Segment Open
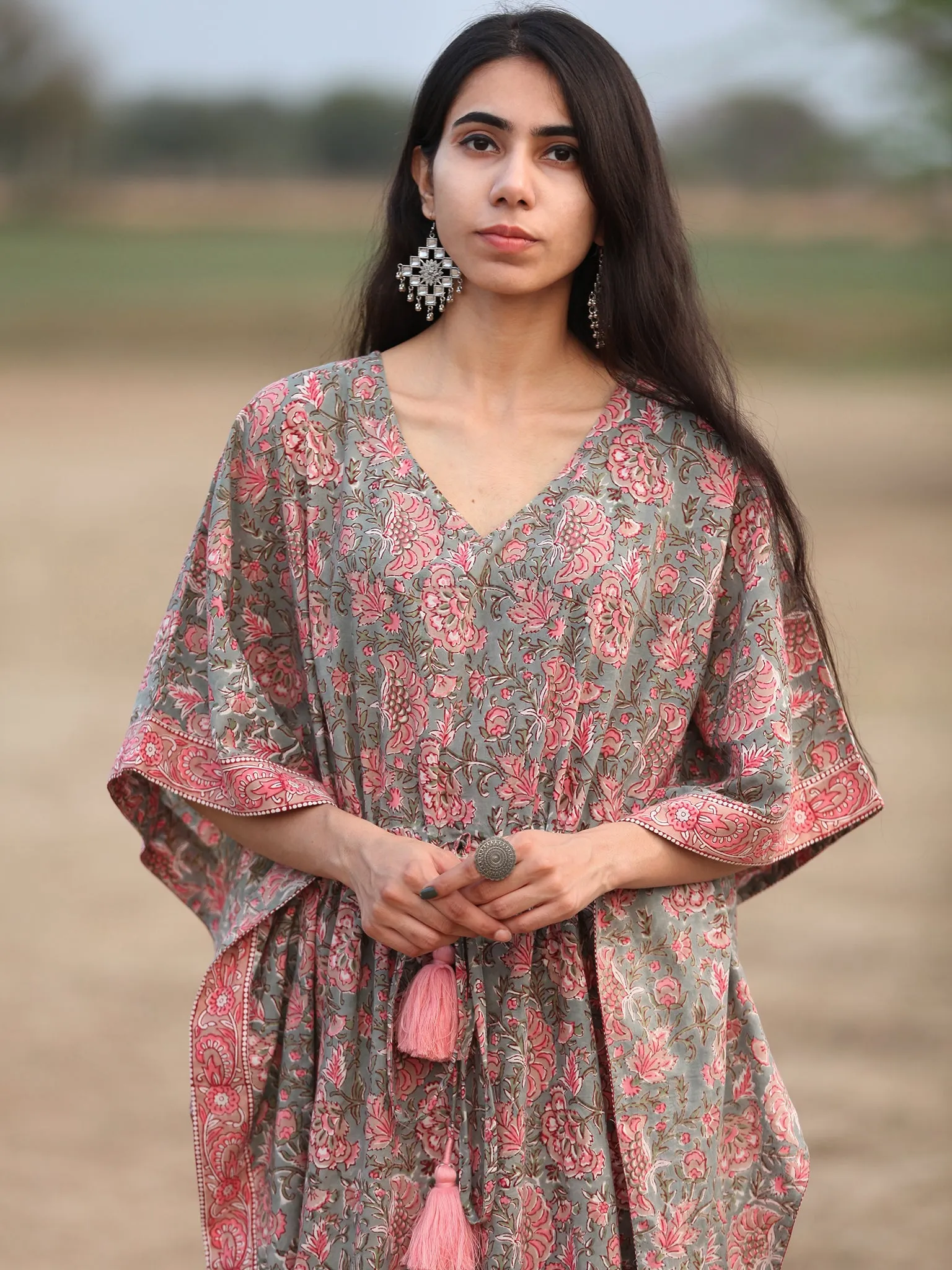 Fiza Parizaad Kaftan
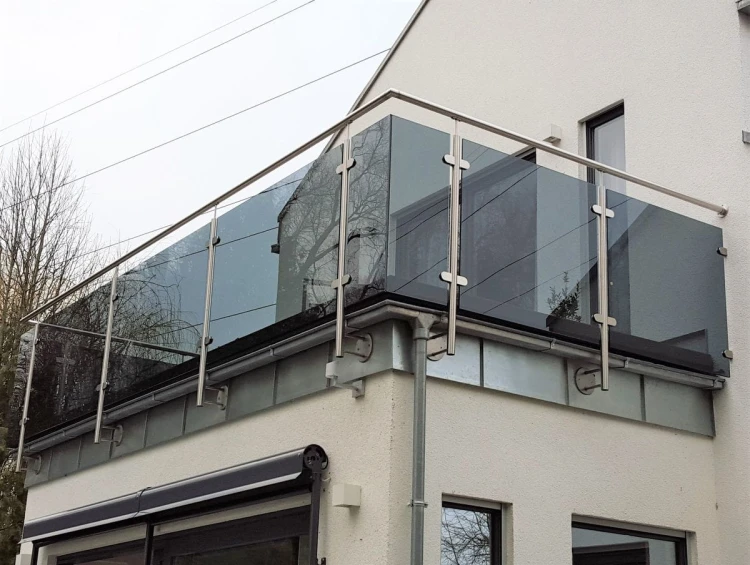 Balustrada GRAFTON nierdzewna ze szkłem do boku
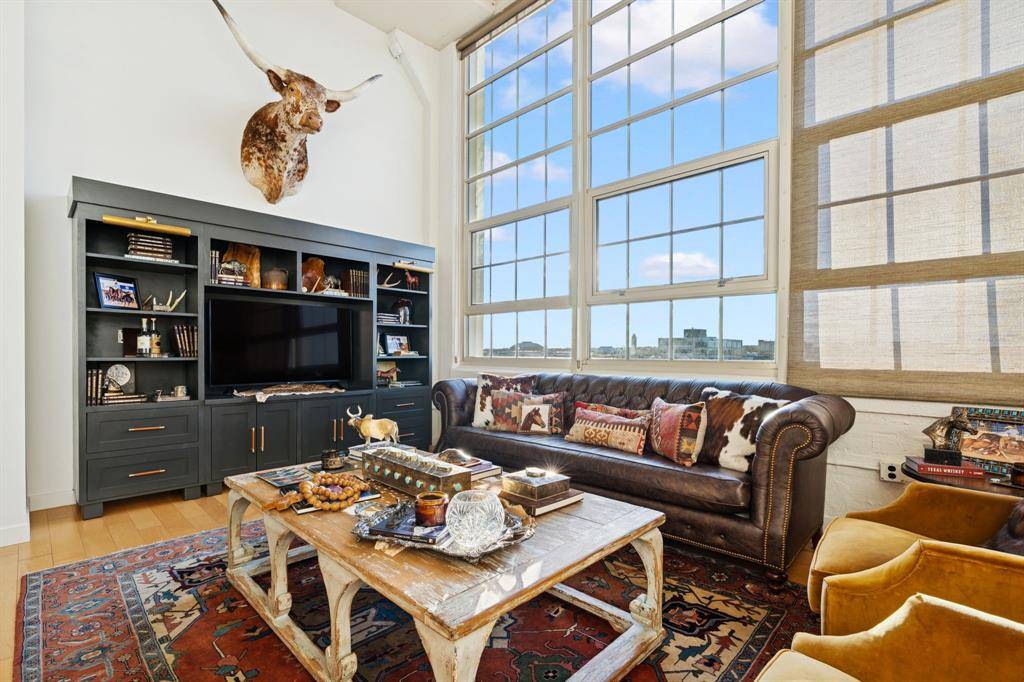 Fort Worth, TX 76107,2600 W 7th Street #1727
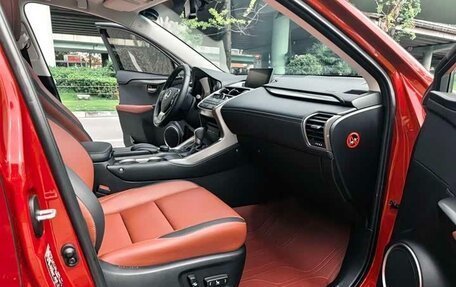 Lexus NX I, 2017 год, 2 790 000 рублей, 9 фотография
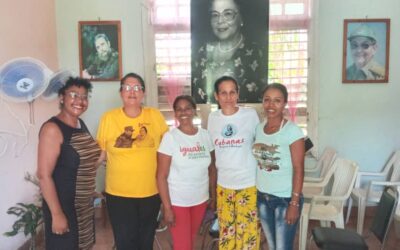 Federadas pineras realizan coloquio: Por la ruta de Vilma
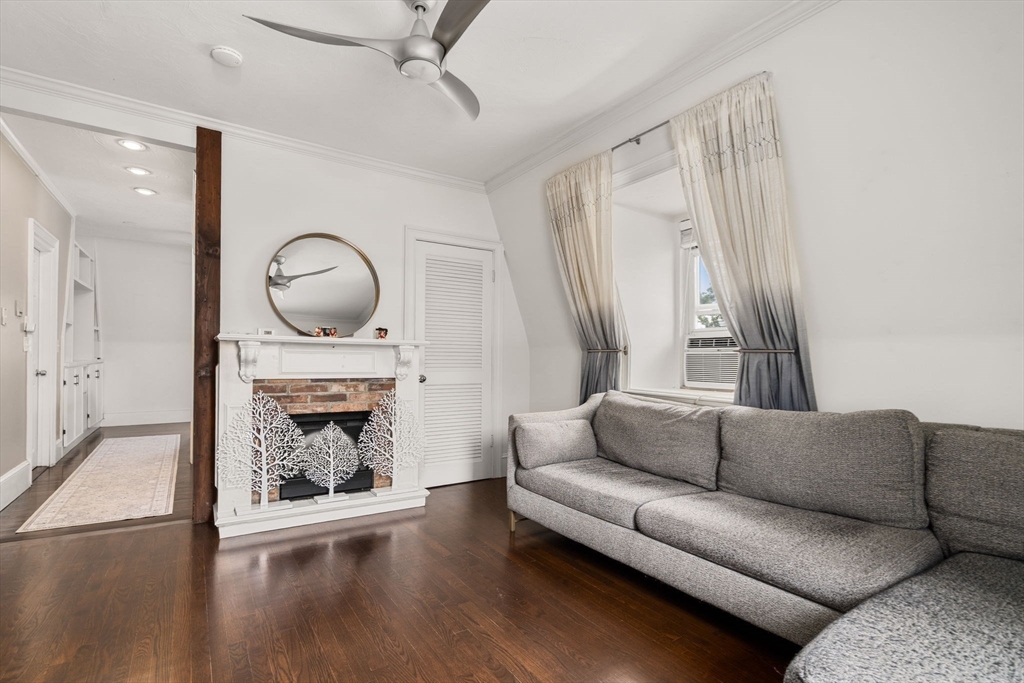 15 Beale St, Boston, Massachusetts, 1 Bedroom Bedrooms, 3 Rooms Rooms,1 BathroomBathrooms,Residential,For Sale,Beale St,73388345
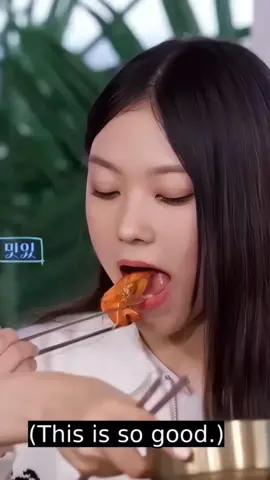 haerin fancam 🥡🍴#haerin #newjeans #njz #eatingfancam #asmr #asmrsounds #idolfancam #idoleating #kpopfancam #kpopeating #mukbang #cute #fyp #fypシ゚ #fyppppppppppppppppppppppp @TikTok @TikTok Thailand @newjeans_official 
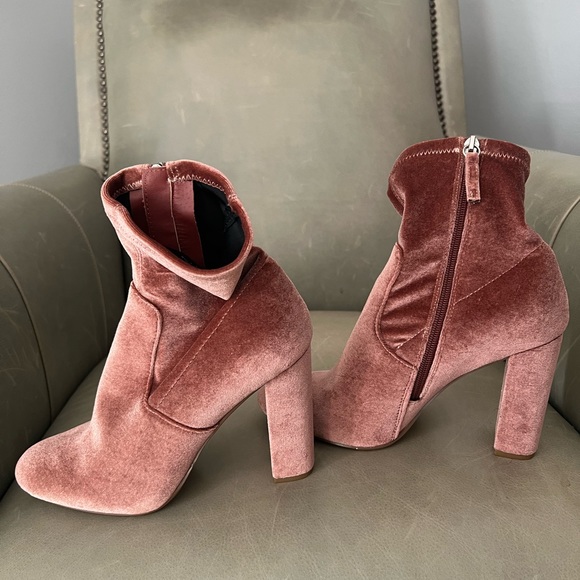 Steve Madden Pink Velvet Boots - Picture 3 of 5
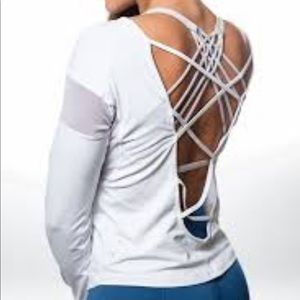 P’tula Active Leslie Lyrical Long Sleeve | Size M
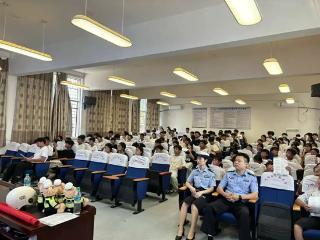 弋阳县中畈乡初级中学开展交通安全进校园活动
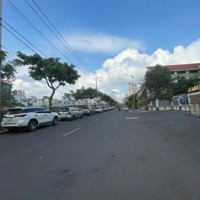 Bán Nhà Mặt Tiền View Sông Đường Bến Bình Đông Quận 8, Vị Trí Đẹp Vừa Ở Vừa Kinh Doanh Sầm Uất.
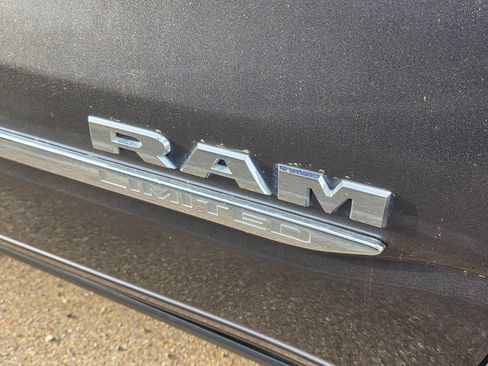 Used 2019 RAM 1500 Limited w/ Advanced Safety Group image 4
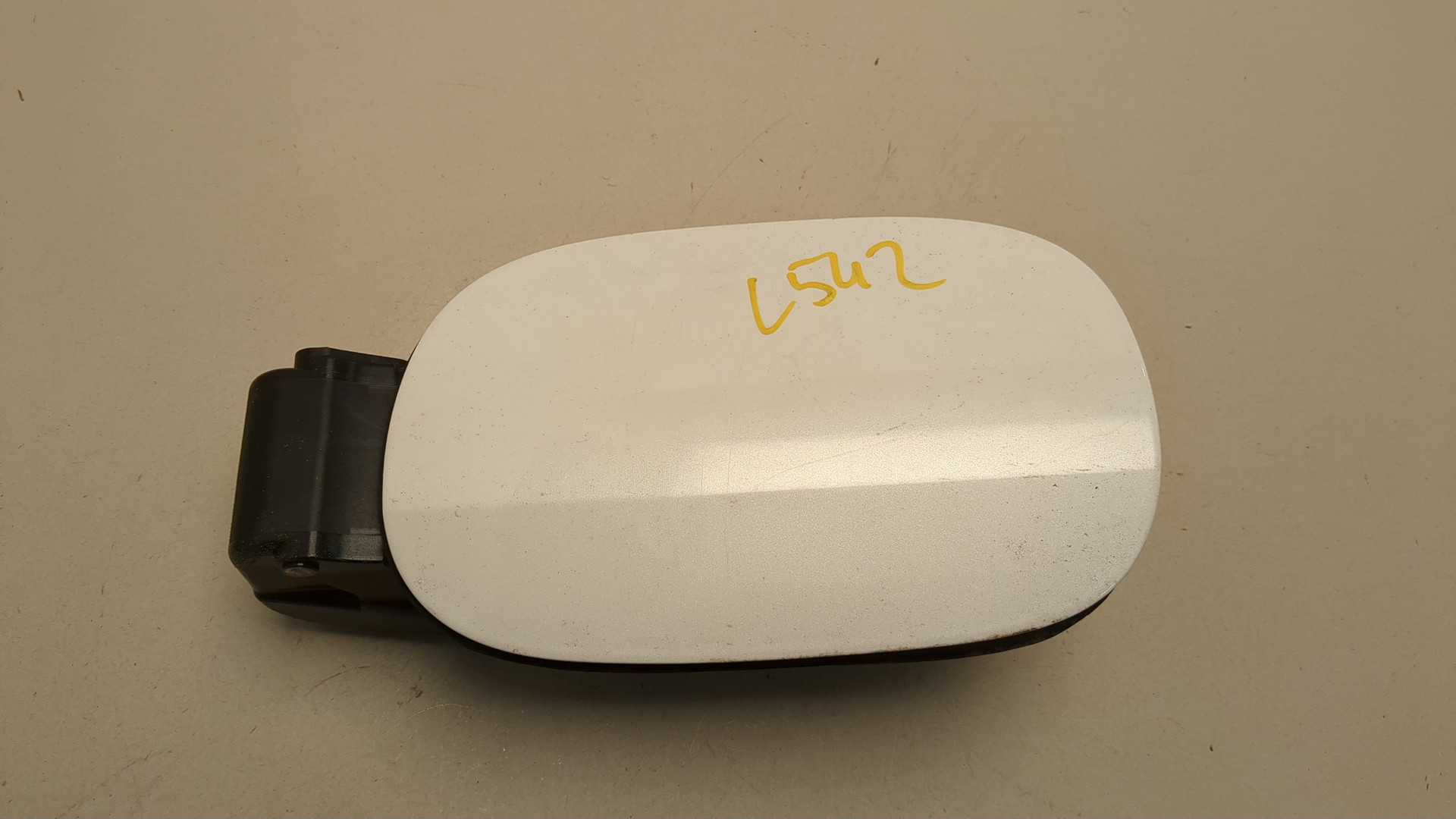 Лючок бензобака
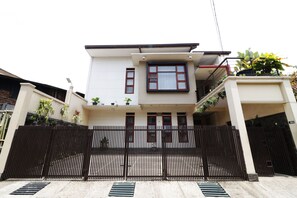 ลานระเบียง/นอกชาน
Segment Closed
[Work required]: With the pictures dropped, write out all of the entries word for word.

[Written response]:
 Fiza Parizaad Kaftan
 Balustrada GRAFTON nierdzewna ze szkłem do boku
 Fort Worth, TX 76107,2600 W 7th Street #1727
 Lexus NX I, 2017 год, 2 790 000 рублей, 9 фотография
 Federadas pineras realizan coloquio: Por la ruta de Vilma
 15 Beale St, Boston, Massachusetts, 1 Bedroom Bedrooms, 3 Rooms Rooms,1 BathroomBathrooms,Residential,For Sale,Beale St,73388345
 haerin fancam 🥡🍴#haerin #newjeans #njz #eatingfancam #asmr #asmrsounds #idolfancam #idoleating #kpopfancam #kpopeating #mukbang #cute #fyp #fypシ゚ #fyppppppppppppppppppppppp @TikTok @TikTok Thailand @newjeans_official 
 Steve Madden Pink Velvet Boots - Picture 3 of 5
 P’tula Active Leslie Lyrical Long Sleeve | Size M
 弋阳县中畈乡初级中学开展交通安全进校园活动
 Bán Nhà Mặt Tiền View Sông Đường Bến Bình Đông Quận 8, Vị Trí Đẹp Vừa Ở Vừa Kinh Doanh Sầm Uất.
 Used 2019 RAM 1500 Limited w/ Advanced Safety Group image 4
 Лючок бензобака
 ลานระเบียง/นอกชาน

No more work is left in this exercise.